In McCulloch's Dictionary of Commerce we have this definition: "Shawls, (German — Schalen; French — Chales; Italian — Schavali; Spanish — Chevalos); articles of fine wool, silk, or wool and silk, manufactured after the fashion of a large handkerchief, used in female dress. The finest shawls are imported from India,c. . . . Shawls are made of various forms, sizes, and borders, which are wrought separately with the view of adapting them to the different markets."
In the Dictionary of French and English by Professors Flemming and Tibbits, we have this definition and explanation: "Shawl," (English) "Grand mouchoir de cou," (French) — signifying a great handkerchief for the neck.
In the Dictionary of Commerce, published in Paris, in 1839, under the direction of Guillaman, we have this definition: "Châle," grande piéce d'étoffe, dont les femmes se couvrent les epaules, et qui est ordinairement fabriqué dans le gout des Châles de l'Orient." (Shawl — a large piece of cloth with which the women cover their shoulders, usually manufactured in the fashion of the shawls from the east.)
In Landais' French Dictionary, (which has gone through eleven editions,) we have this definition: "Schall," — longue piece d'étoffe de soie, ou de laine, dont les habitants de l'Egypte s'entourent la tête. Le schall est adopté depuis longtemps par les dames Francaises, qui le portent sur les epaules — ou écrit aussi châle." (Shawl — a long piece of cloth of silk or wool with which the inhabitants of Egypt surround the head. The shawl has been long since adopted by the women of France, who wear it on their shoulders — it is also written "châle."
In the Dictionary of the French Academy, this definition is given: "Châle — longue piéce d'étoffe dont les orientaux s'enveloppent la tête, et qui entre aussi de diverses manières dans leur vétement." (Shawl — a long piece of cloth with which the orientals environ the head, and which, in divers ways, makes a part of their apparel.)
Consulting English lexicons, we find these definitions: "Shawl, a part of modern female dress." — Worcester.
"Shawl, a cloth of wool, cotton, silk, or hair, used by females as a loose covering for the neck and shoulders." — Webster.
Craig's Dictionary of the English Language (which is considered the best present standard work) gives us this definition:
"Shawl, a kind of large kerchief, originally from India, which forms a part of modern female dress, being worn as a loose covering for the shoulders and back."
These various lexicographers all agree that shawls are wearing apparel.
The plaintiffs, to evade the definitions in commercial dictionaries and other lexicons, and the descriptive words in the statute, (schedule C,) and the mass of testimony given in this cause, and the invoices and entries at the custom-house by themselves, offer the oaths of men, "that in trade and commerce, articles of this description are not considered wearing apparel;" that shawls of this description "are not known among merchants as wearing apparel;" that, "in a commercial sense, none of these shawls are made up, nor are they known among merchants as wearing apparel; that these shawls `commercially speaking,' are not wearing apparel."
Declarations of this nature by witnesses avail nothing.
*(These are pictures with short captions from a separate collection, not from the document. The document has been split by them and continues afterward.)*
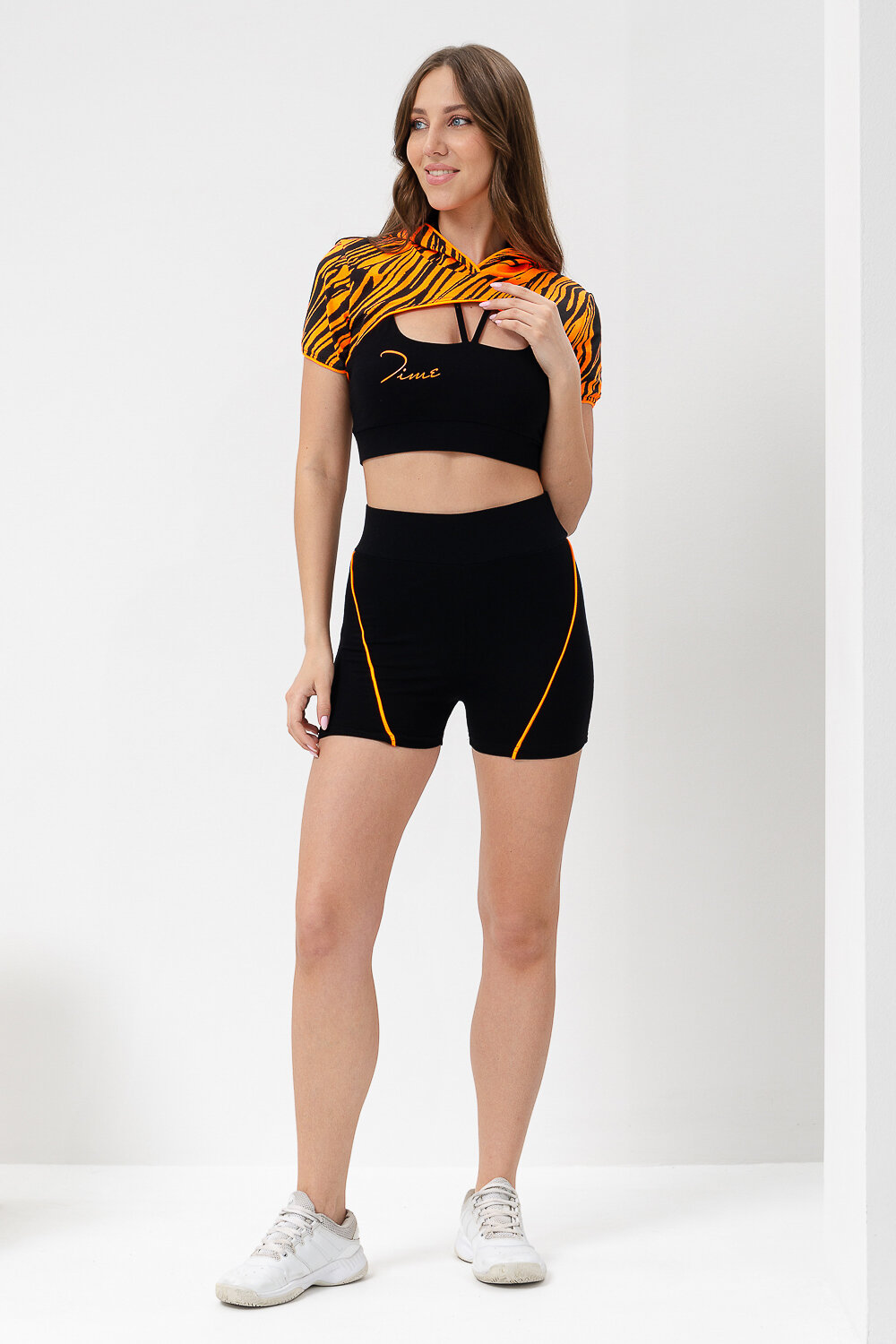 ст. цена1104руб.! 11041104Натали Костюм 67077черный+оранжевый водросли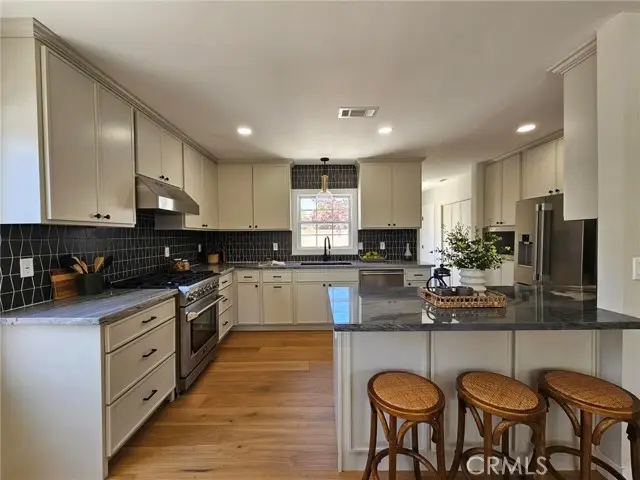 5815 Oxholm St, Long Beach, CA 90808 - #2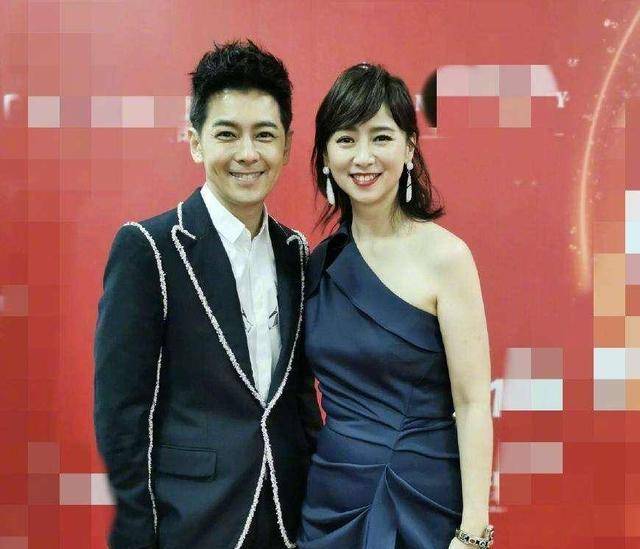 演艺事业52岁美魔女年过半百仍宛若少女一家三口大排档庆祝结婚纪念日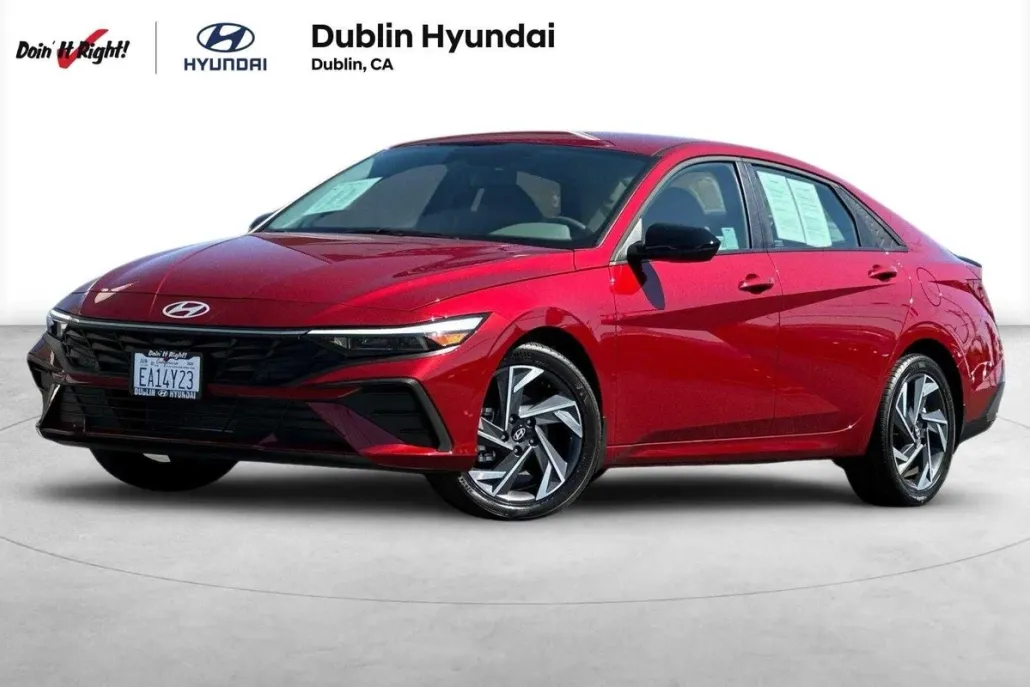 2025 Hyundai Elantra SEL Sport photo 1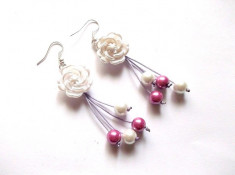 cercei cu trandafiri albi acrilici perlat si perle sticla violet 37690 foto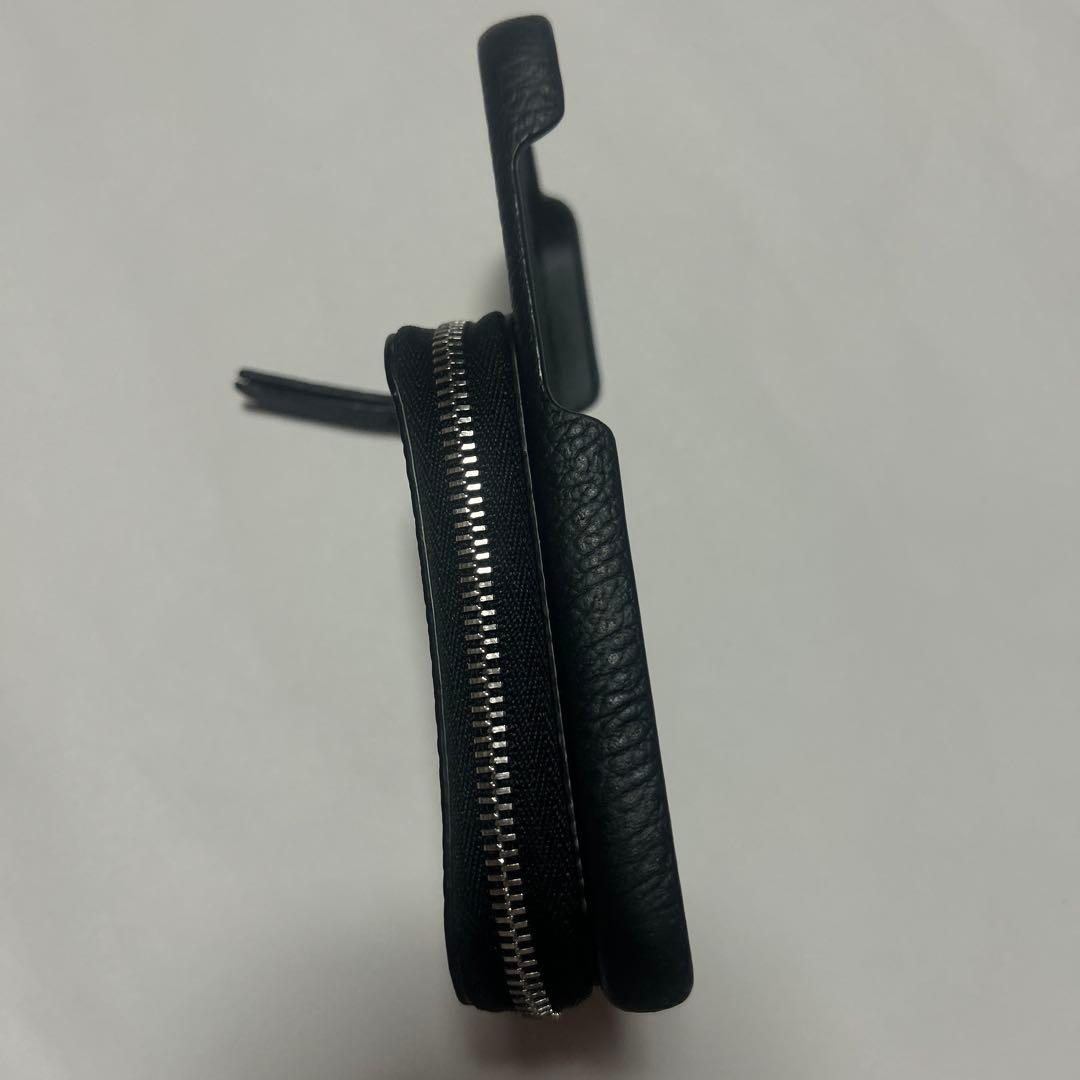 Margiela ★ ラウンドジップ式ポケットiPhone14 PROカバー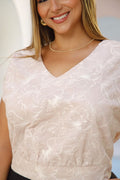 Blusa DP02103 silueta amplia para mujer, elaborada en tela chalís con grabado tejido dyaboo camel 3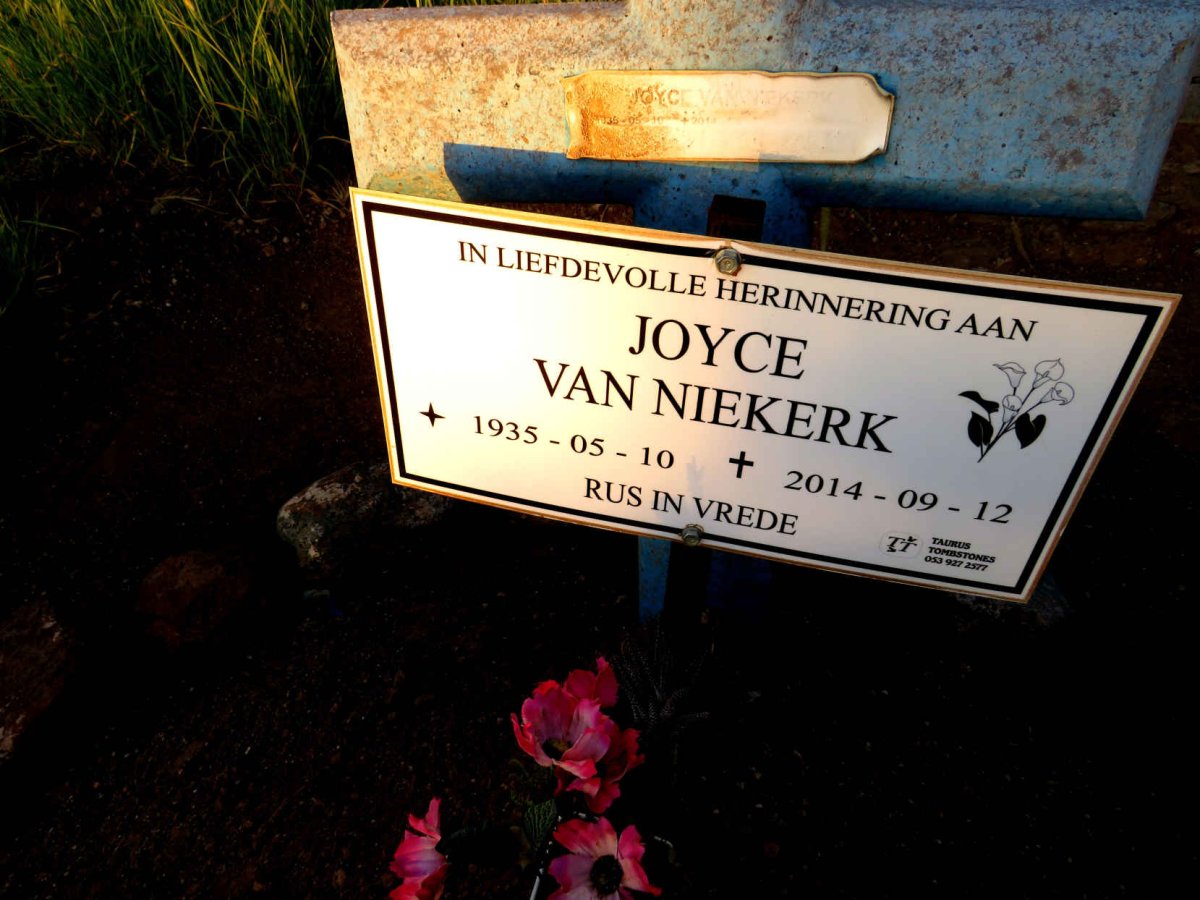 NIEKERK Joyce, van 1935-2014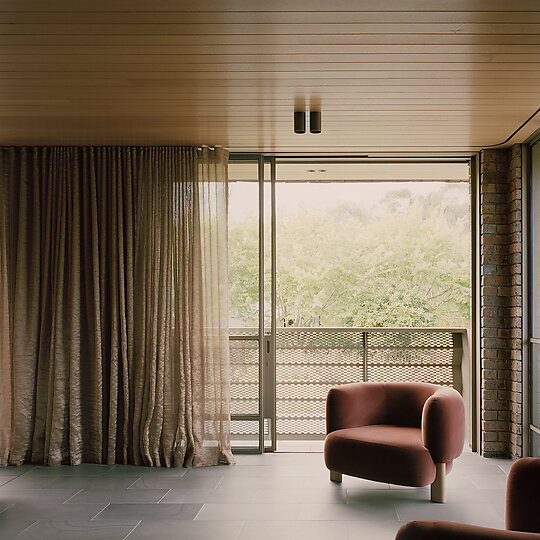 Interior photograph of Mansard House by Rory Gardiner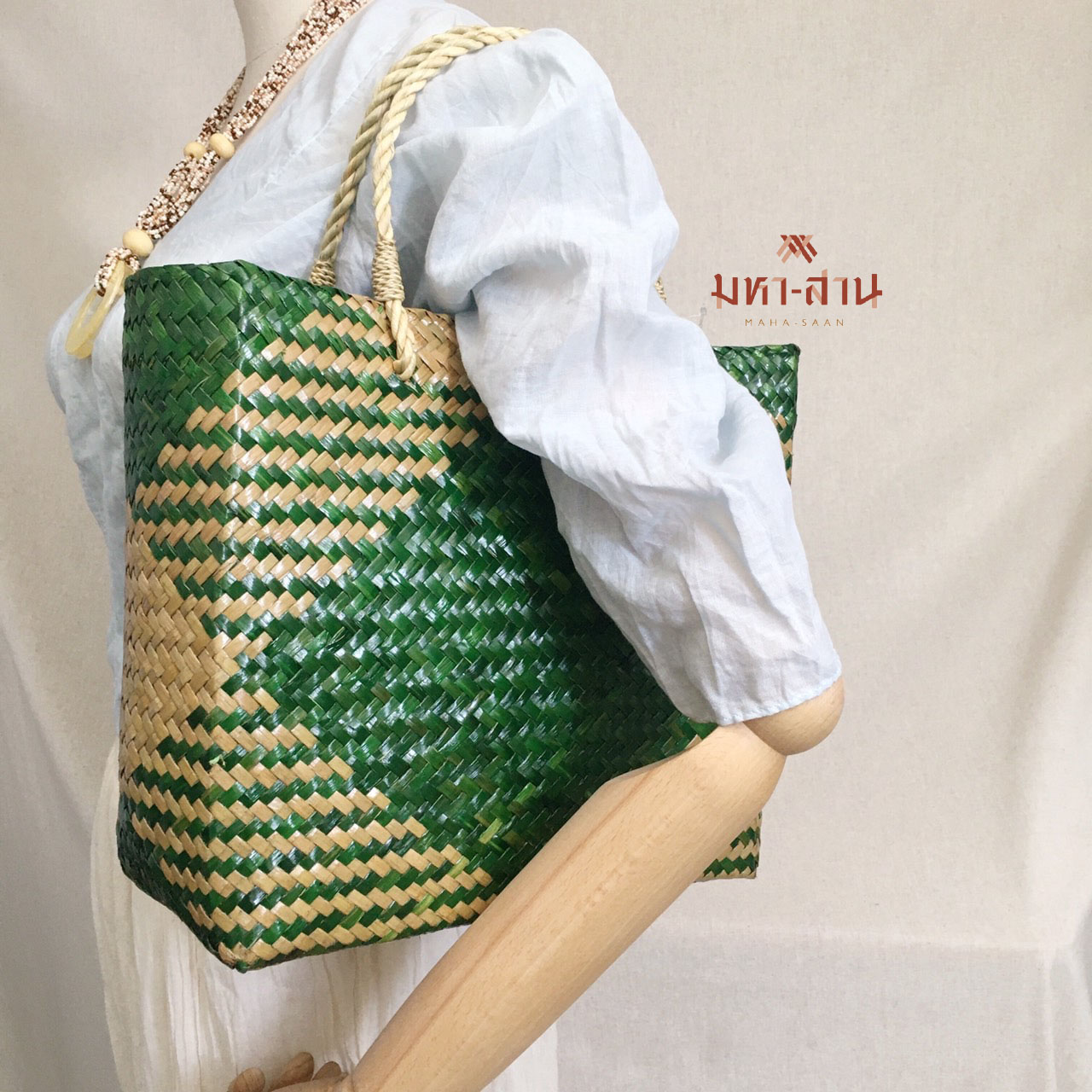 กระเป๋ากระจูด เหลี่ยมสี ขนาดกว้าง11นิ้ว สูง10นิ้ว 👜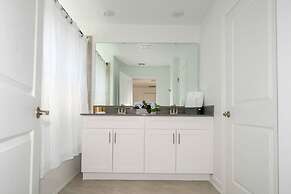 Marvelous 4Bd With Pool at Storey Lake Resort 2601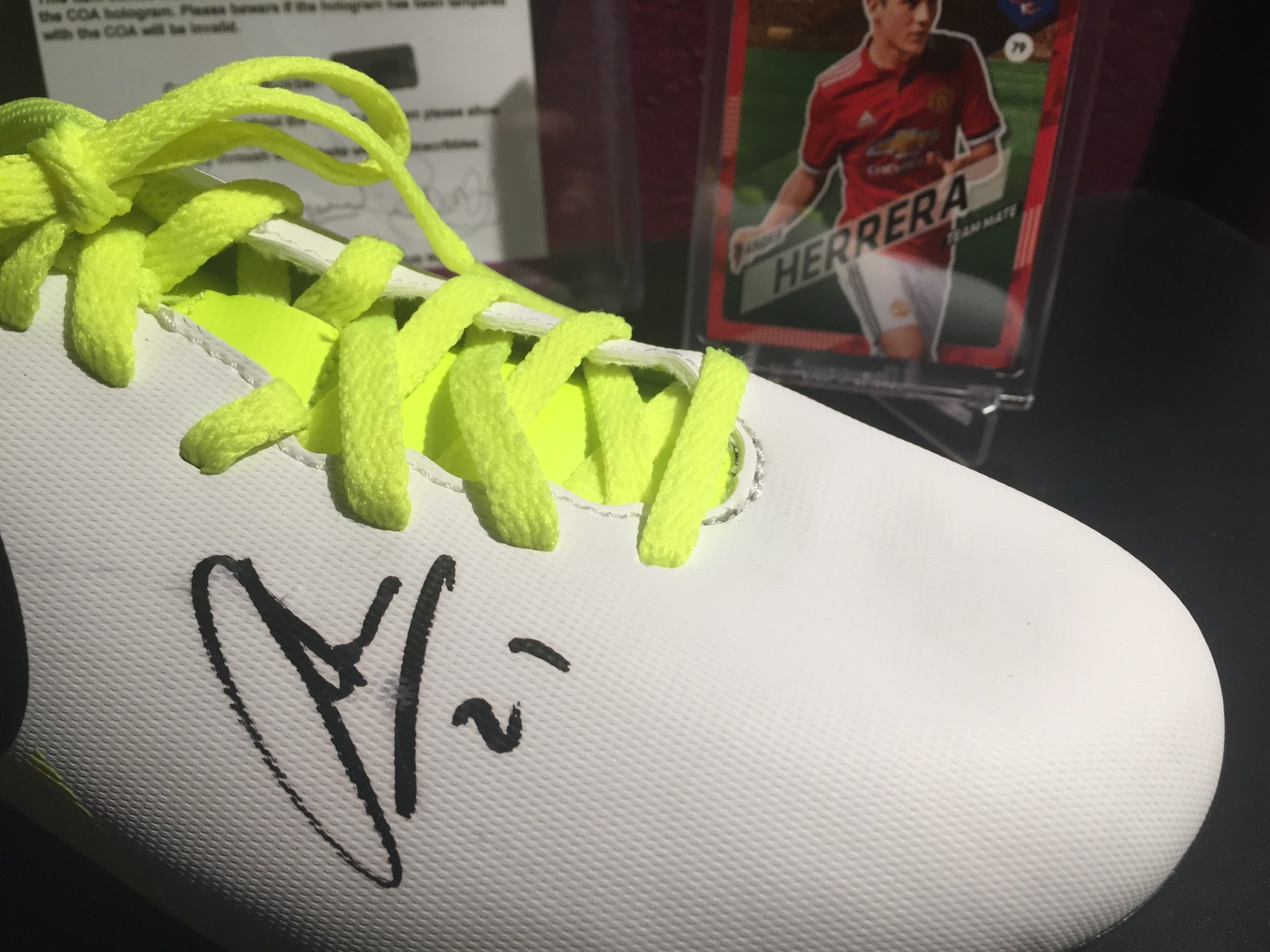ANDER HERRERA - SIGNERT SKO MED EKTEHETSGARANTI/COA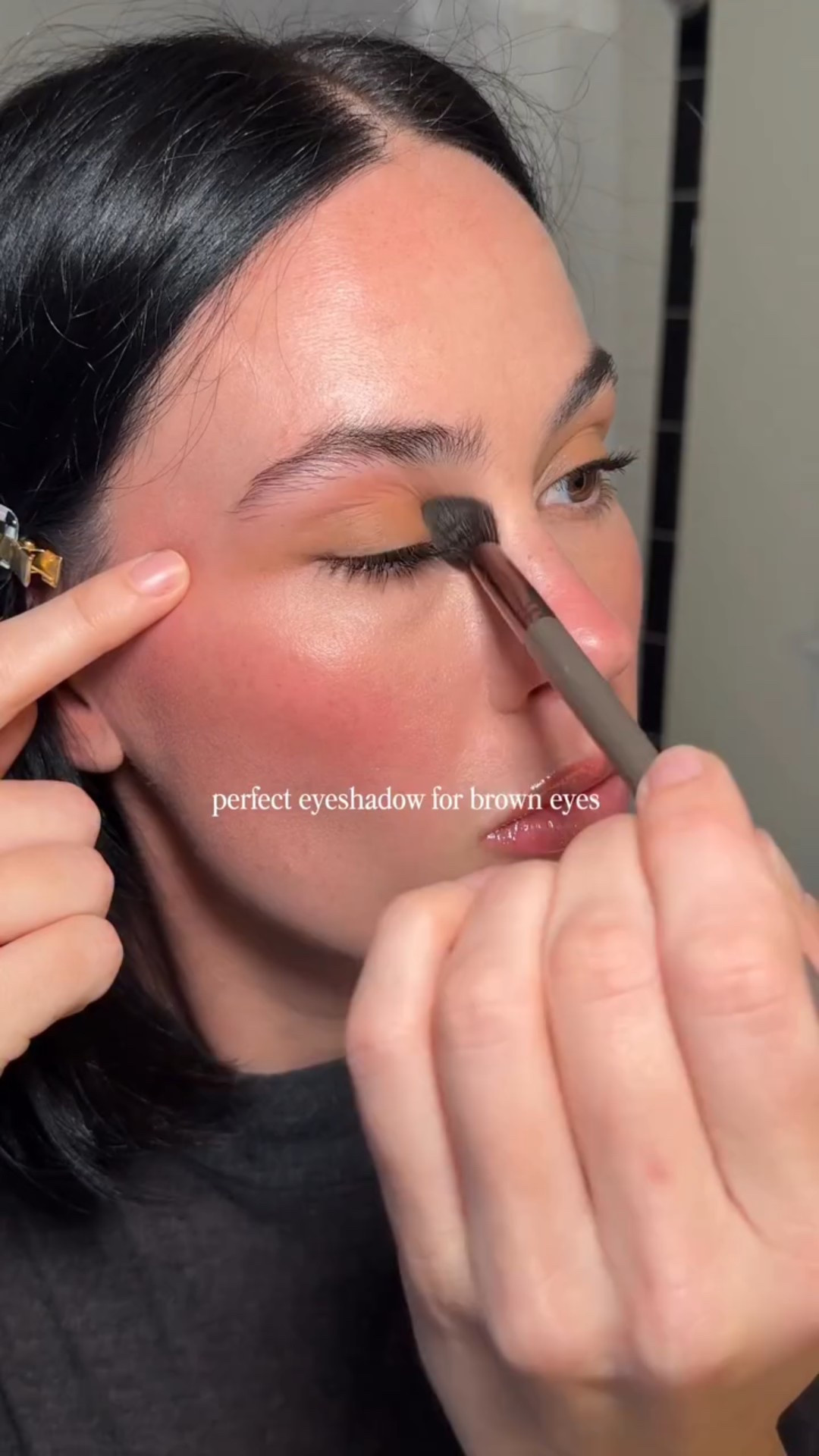 These makeup by Mario cream eyeshadows are incredible for a quick & easy eye look. Super buildable and pigmented. Loveeee 

#eyeshadow #makeupbymario #makeup #makeuphacks #browneyes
Shawls are known in commerce as wearing apparel, these witnesses to the contrary notwithstanding. These witnesses say, in one breath, shawls are not, "in a commercial sense, wearing apparel;" are not, "commercially speaking, made up, nor known among merchants as wearing apparel;" and in the next breath tell us they are worn by women, and come from the manufacturer "in a complete state to be worn," with their fringes tied by hand, with separately woven borders united to them, ready for use; yet they say, "commercially speaking," and "in a commercial sense," they are neither "made up," nor "wearing apparel!"
Such contrariant absurdities the plaintiffs propose to dispose of by the oaths of the two tailors, Raymond and Beaumont, who swear that they have "purchased shawls of this description to make up into gentlemen's garments; into waistcoats and dressing-gowns;" and who think "that shawls are not wearing apparel till they are made up in this way."
According to their mode of thinking, the cashmere, and other fine shawls imported from India, were not known among merchants as wearing apparel, and were not wearing apparel unless they were made up into gentlemen's garments, waistcoats, and dressing-gowns, or such like; that is, "commercially speaking," and "in a commercial sense!"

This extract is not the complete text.